What is being asked:
Exactly the lines from the one containing "For sale - Penthouse" through the one containing "2026 Chevrolet Colorado" in the listing below are to be copied, with the pictures left out.

Listed entries:
────────
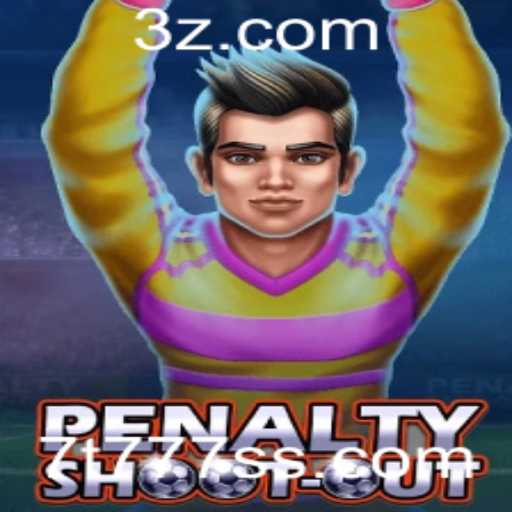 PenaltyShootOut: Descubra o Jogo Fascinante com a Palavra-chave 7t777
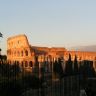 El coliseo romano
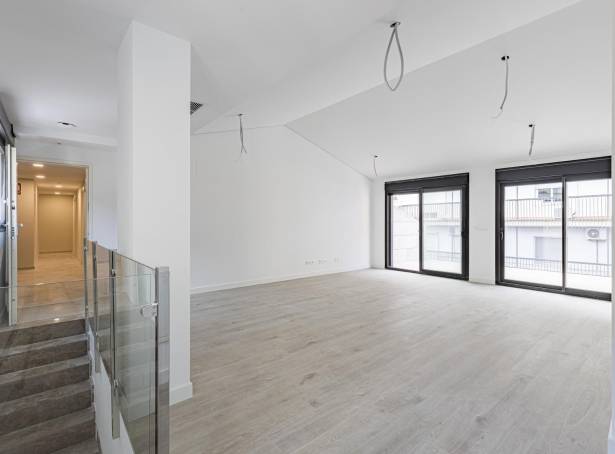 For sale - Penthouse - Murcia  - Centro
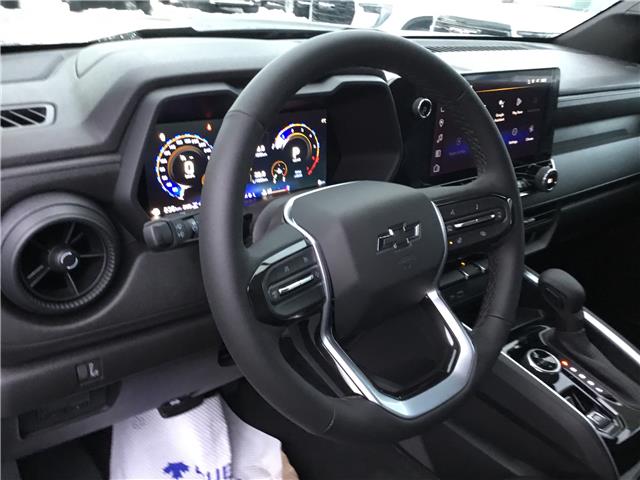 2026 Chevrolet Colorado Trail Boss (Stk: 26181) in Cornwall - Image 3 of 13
────────
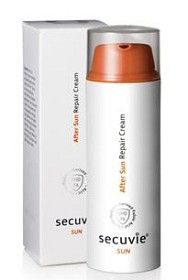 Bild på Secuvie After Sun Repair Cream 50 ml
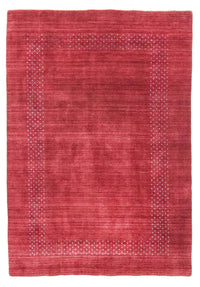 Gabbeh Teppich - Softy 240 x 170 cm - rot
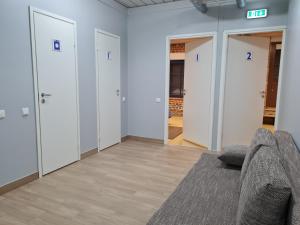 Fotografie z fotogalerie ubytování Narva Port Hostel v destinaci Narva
────────
Reply to the task:
 For sale - Penthouse - Murcia  - Centro
 2026 Chevrolet Colorado Trail Boss (Stk: 26181) in Cornwall - Image 3 of 13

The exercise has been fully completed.